5. Before entering into the aforesaid controversy it will be appropriate to examine the provision with regard to filing of counter claim by the defendant. Order 8 Rule6-A CPC gives a right to the defendant either to claim a set-off or set up, by way of counter claim against the claim of the plaintiff, any right or claim in respect of a cause of action accruing to the defendant against the plaintiff either before or after the filing of the suit but before the defendant has delivered his defence or before the time fixed for delivering his defence has expired. There is also a restriction that the counter claim should not exceed the pecuniary limits of the jurisdiction of the Court. It further provides that the counter claim shall have the same effect as a cross suit and the plaintiff shall be at liberty to file a written statement in answer to the counter claim of the defendant. 6. Order 20 Rule 19 CPC provides that where the defendant has been allowed a set off or counter claim, against the claim of plaintiff, the decree shall state what amount is due to the plaintiff and what amount is due to the defendant. 7. Thus from the perusal of the aforesaid provisions it is clear that the defendant also has a right to set up a counter claim against the claim of the plaintiff and the said counter claim shall have the same effect as of a suit. However, the counter claim filed by the defendant is treated as a cross suit but no separate case number is allotted to the counter claim. When the court gives final verdict, only one judgment is pronounced and only one decree is drawn. The provision of Order 41 no-where require the filing of two separate appeals in respect of the same judgment and decree. The submission on behalf of the appellants is that a copy of the memo of the appeal has also been filed with the second appeal and a perusal thereof would reveal that the plaintiff/appellants had challenged the dismissal of their suit and the decree of the counter claim as well but the learned first appellate court fell into grave error of law in coming to the conclusion that the plaintiff/appellant had not preferred any appeal against the decree of counter claim passed in favour of the respondents. 8.

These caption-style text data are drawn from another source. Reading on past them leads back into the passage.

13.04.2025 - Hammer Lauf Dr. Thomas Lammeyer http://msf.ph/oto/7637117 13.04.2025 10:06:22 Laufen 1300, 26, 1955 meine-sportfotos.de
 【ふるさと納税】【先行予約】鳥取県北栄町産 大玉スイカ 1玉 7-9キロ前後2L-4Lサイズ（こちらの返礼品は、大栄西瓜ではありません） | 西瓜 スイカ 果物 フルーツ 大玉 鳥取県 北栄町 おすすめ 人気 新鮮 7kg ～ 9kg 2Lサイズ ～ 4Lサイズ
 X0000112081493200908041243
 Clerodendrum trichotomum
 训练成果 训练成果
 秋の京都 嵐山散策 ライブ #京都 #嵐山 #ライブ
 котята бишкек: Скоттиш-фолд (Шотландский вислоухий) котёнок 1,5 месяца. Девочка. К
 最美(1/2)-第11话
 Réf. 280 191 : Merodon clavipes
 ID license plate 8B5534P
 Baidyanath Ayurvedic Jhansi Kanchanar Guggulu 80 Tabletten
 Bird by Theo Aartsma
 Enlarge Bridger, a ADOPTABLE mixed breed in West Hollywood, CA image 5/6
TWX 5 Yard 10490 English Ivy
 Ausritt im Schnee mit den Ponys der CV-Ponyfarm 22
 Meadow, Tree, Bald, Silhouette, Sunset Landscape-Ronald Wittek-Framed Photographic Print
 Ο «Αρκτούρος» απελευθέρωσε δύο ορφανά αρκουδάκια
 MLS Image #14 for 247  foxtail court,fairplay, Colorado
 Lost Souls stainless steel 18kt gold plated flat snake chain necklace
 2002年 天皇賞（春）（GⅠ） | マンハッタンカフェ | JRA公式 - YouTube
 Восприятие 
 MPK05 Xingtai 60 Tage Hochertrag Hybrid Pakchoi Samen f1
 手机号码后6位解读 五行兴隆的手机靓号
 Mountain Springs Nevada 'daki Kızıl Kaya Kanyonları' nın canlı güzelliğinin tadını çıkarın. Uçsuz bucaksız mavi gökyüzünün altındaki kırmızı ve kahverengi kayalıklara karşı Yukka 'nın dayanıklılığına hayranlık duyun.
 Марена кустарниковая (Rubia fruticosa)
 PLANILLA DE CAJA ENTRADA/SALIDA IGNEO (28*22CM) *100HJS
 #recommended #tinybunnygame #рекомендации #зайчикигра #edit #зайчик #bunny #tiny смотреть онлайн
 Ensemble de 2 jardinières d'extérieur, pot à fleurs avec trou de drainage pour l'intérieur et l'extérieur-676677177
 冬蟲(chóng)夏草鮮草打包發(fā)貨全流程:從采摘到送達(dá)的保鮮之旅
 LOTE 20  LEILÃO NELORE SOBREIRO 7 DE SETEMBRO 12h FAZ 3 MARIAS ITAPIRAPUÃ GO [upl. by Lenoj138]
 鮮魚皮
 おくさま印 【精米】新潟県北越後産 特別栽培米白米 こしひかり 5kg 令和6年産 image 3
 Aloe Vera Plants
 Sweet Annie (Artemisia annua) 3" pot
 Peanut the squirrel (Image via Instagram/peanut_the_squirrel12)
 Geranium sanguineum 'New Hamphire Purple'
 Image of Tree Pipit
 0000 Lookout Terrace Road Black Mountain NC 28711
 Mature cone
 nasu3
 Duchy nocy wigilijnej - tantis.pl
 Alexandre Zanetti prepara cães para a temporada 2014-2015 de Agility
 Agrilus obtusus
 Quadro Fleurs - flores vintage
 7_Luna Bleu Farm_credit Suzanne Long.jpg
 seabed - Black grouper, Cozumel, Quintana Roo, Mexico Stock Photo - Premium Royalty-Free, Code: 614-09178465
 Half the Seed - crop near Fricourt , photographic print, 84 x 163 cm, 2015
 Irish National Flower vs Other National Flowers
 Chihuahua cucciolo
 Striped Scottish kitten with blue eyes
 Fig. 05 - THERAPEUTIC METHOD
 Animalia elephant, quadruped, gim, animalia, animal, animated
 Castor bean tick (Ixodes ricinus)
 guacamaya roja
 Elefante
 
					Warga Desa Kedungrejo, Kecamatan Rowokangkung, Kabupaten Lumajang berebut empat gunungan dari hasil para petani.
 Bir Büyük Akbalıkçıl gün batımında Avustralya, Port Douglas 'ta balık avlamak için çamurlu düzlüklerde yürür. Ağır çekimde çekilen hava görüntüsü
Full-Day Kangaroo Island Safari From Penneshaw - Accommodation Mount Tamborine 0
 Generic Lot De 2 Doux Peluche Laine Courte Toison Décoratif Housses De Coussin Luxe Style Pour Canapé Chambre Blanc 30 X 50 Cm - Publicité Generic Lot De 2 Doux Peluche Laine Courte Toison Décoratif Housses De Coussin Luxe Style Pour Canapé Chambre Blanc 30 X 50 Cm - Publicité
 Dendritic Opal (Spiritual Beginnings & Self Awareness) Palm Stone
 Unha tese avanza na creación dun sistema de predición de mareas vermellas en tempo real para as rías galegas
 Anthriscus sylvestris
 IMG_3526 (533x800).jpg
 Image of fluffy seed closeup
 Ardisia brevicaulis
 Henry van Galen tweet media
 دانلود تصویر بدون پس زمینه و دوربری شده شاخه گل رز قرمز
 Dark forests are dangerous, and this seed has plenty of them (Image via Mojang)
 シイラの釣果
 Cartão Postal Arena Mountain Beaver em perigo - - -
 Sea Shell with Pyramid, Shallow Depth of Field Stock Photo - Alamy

8. The learned counsel for the respondent has submitted that the learned first appellate court has examined the controversy in detailed and has recorded a clear finding that the plaintiff/appellant did not prefer any appeal against the decree by which the counter claim was allowed and as such the judgment and decree passed in respect of the counter claim became final and binding upon the parties. He further submits that in case the appeal against the dismissal of suit for injunction is heard and decided, the possibility regarding the contradictory finding would always be there and therefore the learned first appellate court has rightly held that the appeal against the a part of the judgment and decree was not maintainable. 9. In support of his argument the learned counsel for the respondent has relied upon several judgments reported in : AIR 1997 Supreme Court 3760, 1993 Supp.(2) SCC 146 : AIR 1976 Supreme Court 1645 : AIR 1983 Madras 131 and AIR 2002 Gujarat 166. In all the aforesaid cases relied upon by the respondents it has been held that in the cases of connected suits finding of the court in one suit becomes final in absence of appeal against another suit, the appeal filed against only one suit would be barred by the principle of res judicata. 10. The case law relied upon by the respondents are not at all applicable to the facts of the present case because the Hon'ble Supreme Court as well as other Hon'ble High Courts have laid down the aforesaid principle in the cases where two separate suits were consolidated and were decided by a common judgment and decree. The facts of present case are entirely different. There were not two connected suits which have been consolidated by the learned trial court but it was the counter claim set up by the respondent which has been decided along with the claim of the plaintiff/appellants. Thus there was only one judgment and single decree against which the appeal was filed by the plaintiff/appellants. 11. In these circumstances, I do not agree with the submission of learned counsel for the respondent that the plaintiff/appellants ought to have filed two separate appeals.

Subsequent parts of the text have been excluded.